It’s been a rather emotional journey trying to decide how we approach the conception of our third child. Of course, I feel that this pales in comparison to so many other decisions people face when contemplating issues involving fertility and/or reproduction. Nevertheless, this is part of my journey and required a great deal of thought.
After meeting with the reproductive specialist a few weeks ago, I was confronted with internal conflicts aplenty. If I do go this route, would the benefits outweigh the risk? If we don’t go this route, will my child resent me for not protecting him or her? I learned that the only way to eliminate the BRCA gene pre-conception is to do IVF. The process is lengthy, uncomfortable and expensive.
First I would start hormones which would kick my ovaries into overdrive in order to extract as many viable eggs as possible (red flag #1 : ovaries on overdrive). Then the eggs would be extracted and fertilized in order to create embryos. From the successful embryos, the outer layer is scraped and then sent to a lab to be tested by a genetic probe specifically built based on my BRCA mutation (likely along with blood samples from my father and sister in order to be as comprehensive as possible). Building this probe can take anywhere from 2 weeks to 6 months. At this point they can also test for all known chromosomal anomalies (basically like doing an amnio before you’re even pregnant). Since this is my third child, I would also have the option of gender selection (tempting since we have two fabulous little girls and interestingly, according to the American Medical Association and other medical organizations in the US, the ethical standard is that gender selection not be used on a first born and only on subsequent children… they call this “family balancing”). Once all of that is done, the embryos that don’t have BRCA can be chosen from (sort of randomly, but apparently based on which one seems most viable, Baby Darwinism).
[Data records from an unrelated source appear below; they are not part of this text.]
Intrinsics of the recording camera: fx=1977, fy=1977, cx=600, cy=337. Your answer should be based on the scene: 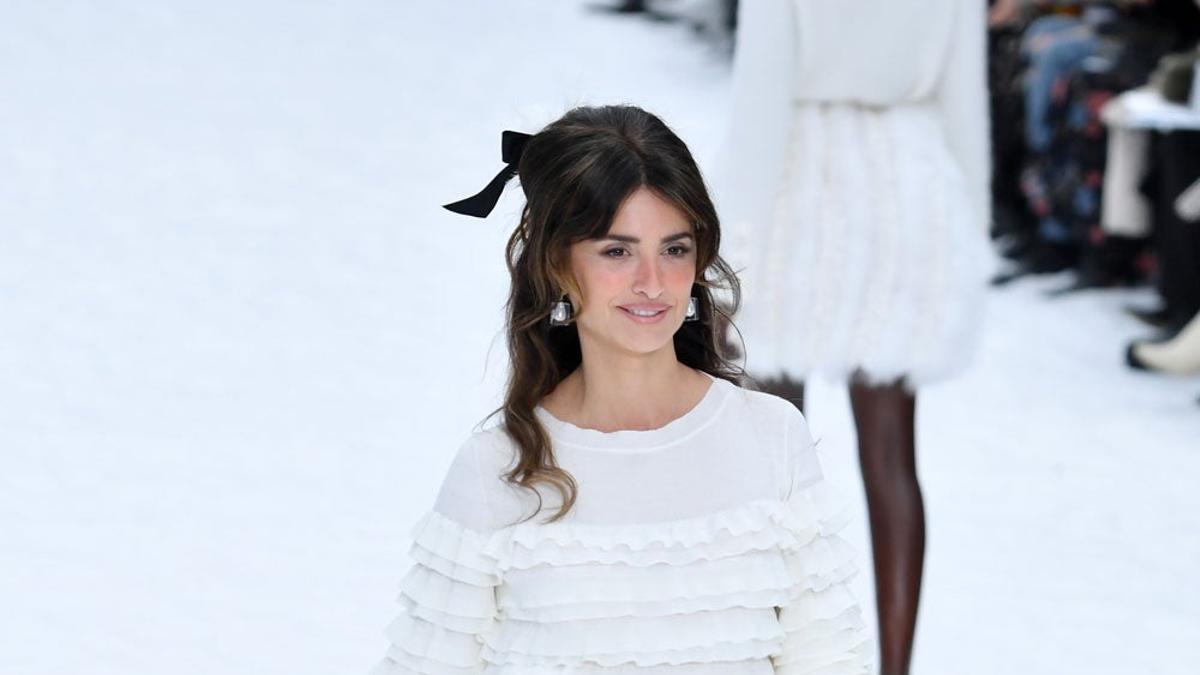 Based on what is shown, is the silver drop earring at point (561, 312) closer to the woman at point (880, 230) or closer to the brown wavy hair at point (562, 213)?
the brown wavy hair at point (562, 213)

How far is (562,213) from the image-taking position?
1716 millimetres

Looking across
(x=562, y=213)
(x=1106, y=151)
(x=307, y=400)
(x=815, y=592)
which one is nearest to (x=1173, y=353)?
(x=1106, y=151)

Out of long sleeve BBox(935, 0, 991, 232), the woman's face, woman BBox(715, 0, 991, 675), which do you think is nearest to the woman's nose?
the woman's face

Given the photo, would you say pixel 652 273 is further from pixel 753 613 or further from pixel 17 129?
pixel 17 129

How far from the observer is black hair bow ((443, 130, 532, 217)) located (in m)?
1.75

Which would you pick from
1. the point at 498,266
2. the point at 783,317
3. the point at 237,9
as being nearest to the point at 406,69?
the point at 237,9

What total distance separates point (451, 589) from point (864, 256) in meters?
1.38

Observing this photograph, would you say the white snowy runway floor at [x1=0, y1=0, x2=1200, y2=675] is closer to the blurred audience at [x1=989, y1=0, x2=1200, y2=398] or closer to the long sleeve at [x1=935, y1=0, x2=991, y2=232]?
the blurred audience at [x1=989, y1=0, x2=1200, y2=398]

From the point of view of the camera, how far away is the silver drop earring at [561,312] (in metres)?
1.75

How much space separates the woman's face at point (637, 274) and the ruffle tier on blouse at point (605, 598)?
17cm

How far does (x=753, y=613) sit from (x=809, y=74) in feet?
4.25

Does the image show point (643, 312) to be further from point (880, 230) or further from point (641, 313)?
point (880, 230)

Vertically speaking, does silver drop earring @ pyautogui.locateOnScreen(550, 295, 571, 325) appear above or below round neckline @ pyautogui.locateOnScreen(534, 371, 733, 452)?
above

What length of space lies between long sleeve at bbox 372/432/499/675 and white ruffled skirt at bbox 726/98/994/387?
4.01 ft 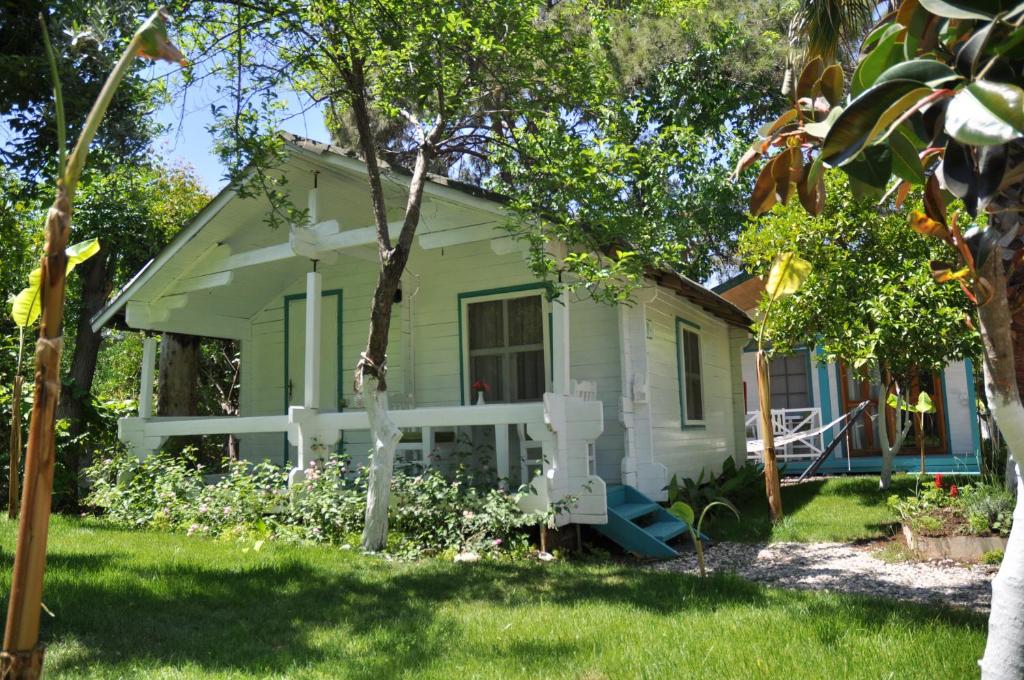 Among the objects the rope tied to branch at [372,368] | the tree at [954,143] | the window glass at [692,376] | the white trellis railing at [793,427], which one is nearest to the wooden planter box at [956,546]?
the window glass at [692,376]

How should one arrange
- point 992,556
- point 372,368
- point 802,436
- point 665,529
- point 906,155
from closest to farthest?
point 906,155 → point 992,556 → point 372,368 → point 665,529 → point 802,436

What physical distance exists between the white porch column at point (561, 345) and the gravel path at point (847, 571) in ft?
6.64

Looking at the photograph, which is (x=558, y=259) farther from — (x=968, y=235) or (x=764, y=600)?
(x=968, y=235)

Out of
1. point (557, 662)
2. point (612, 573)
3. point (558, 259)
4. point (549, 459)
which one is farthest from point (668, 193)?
point (557, 662)

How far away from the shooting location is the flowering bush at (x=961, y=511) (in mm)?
7441

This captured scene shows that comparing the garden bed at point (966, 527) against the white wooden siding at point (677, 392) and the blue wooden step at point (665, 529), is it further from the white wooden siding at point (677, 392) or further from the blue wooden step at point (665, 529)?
the white wooden siding at point (677, 392)

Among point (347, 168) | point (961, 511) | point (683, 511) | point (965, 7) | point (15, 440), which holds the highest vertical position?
point (347, 168)

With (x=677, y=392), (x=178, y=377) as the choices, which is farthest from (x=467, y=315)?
(x=178, y=377)

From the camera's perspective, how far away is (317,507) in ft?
27.6

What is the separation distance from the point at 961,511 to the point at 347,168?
7669 millimetres

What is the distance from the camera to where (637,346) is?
32.1 ft

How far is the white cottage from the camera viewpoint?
27.9ft

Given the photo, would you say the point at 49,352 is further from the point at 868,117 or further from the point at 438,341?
the point at 438,341

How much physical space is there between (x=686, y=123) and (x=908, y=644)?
46.9ft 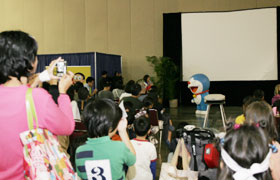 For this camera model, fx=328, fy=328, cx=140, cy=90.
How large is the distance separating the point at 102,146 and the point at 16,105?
1.97ft

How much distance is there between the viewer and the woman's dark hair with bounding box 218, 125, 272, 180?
1180 millimetres

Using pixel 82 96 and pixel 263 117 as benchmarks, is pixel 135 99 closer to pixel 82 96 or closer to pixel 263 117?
pixel 82 96

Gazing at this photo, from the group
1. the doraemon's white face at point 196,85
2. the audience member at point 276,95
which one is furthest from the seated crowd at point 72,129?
the doraemon's white face at point 196,85

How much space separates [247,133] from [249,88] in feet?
32.8

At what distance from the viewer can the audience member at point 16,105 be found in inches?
51.5

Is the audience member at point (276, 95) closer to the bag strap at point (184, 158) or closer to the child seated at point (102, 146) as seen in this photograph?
the bag strap at point (184, 158)

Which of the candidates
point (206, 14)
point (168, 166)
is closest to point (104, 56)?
point (206, 14)

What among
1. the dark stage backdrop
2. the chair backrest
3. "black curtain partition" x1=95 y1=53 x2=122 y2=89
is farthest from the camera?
the dark stage backdrop

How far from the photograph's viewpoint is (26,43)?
4.48ft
Since I don’t have any known fertility issues at this time, only one embryo would be implanted and continuing on the hormones for a little while, I would wait for the fetus to mature and baby #3 would be born free of BRCA, chromosomal disorders, and hopefully a healthy and happy boy (yup, I said it, come on… you knew that was coming).
Damn, that’s a lot of work!! Just having sex is a lot more fun (and takes a lot less time, wink wink). Alas, we don’t really have the luxury of ignoring the options and just doing this for the thrill of it. So the debate was discussed, only now with knowledge and facts to support each argument. My biggest concerns were “unanswerable questions” (the doc’s term). Would the hormones and the overworking of my ovaries potentially put me at an even bigger risk to develop ovarian cancer? My risk is already so elevated that I almost feel the urge to get rid of them immediately (sort of like I did my boobs). They don’t feel as much like the ticking time bombs that sat on my chest, but they still feel like a couple of live grenades in there, but as long as those pins don’t get pulled, we’re ok. The doctor did mention the very remote possibility of the ovaries under duress, possibly rupturing and whatever complications might arise due to those unpredictable events. Since I already have my two children at home who need me and who I desperately want to be around for, the risk to my health and longevity is legitimate and not entirely unselfish (so I try to convince myself). The risks of the baby developing birth defects that are only slightly elevated as a result of IVF (vs. natural conception) is another concern and an unknown. Timing is an issue (and not that I’m able to predict how long it will take regardless), because building a probe could take up to 6 months, then my two and a half year old little one and the new baby would be even further apart in age than we had wanted. My husband was concerned about the emotional aspects for the baby, who may wonder why his sisters were conceived naturally and he was picked as the strongest embryo in the lab. Not to mention, this could cost $20k, which our insurance does not cover.
On the flip side, eliminating the risk of this child having the BRCA mutation is so tempting. Obviously, I don’t want any of my children going through what I did (even though, I honestly feel it wasn’t too hard to handle). Each of my children have a 50/50 chance of having BRCA1, so if I’m a glass half full kind of person (news flash : I’m not), then perhaps my kids won’t have inherited this after all. And what happens when this kid is 20, gets tested and finds out they do have the BRCA gene and there was something I could have done about it. Well, that would merit a big “Fuck you, Mom! You could have saved me from going through this? But you didn’t want to put yourself at risk? Well, now I’m at risk. Thanks a lot!”
Each argument has valid points and every child is a miracle no matter how it is conceived. Fortunately, my husband and I are almost always on the same page when it comes to life’s monumental decisions and we feel that we make responsible choices that are right for us. They may not be what others decide, but they work for us. In this instance, we feel that the unknowns of IVF are riskier for our family than the knowns of conceiving naturally and facing whether or not this child will have the BRCA gene. I’m sure I will continue to hem and haw long after this baby is born and you never know how things will go when reproduction is concerned. We don’t count anything out, but for now, we’ll give it a shot the way we know how and have practiced for the past 15 years (wow, that’s a long time!).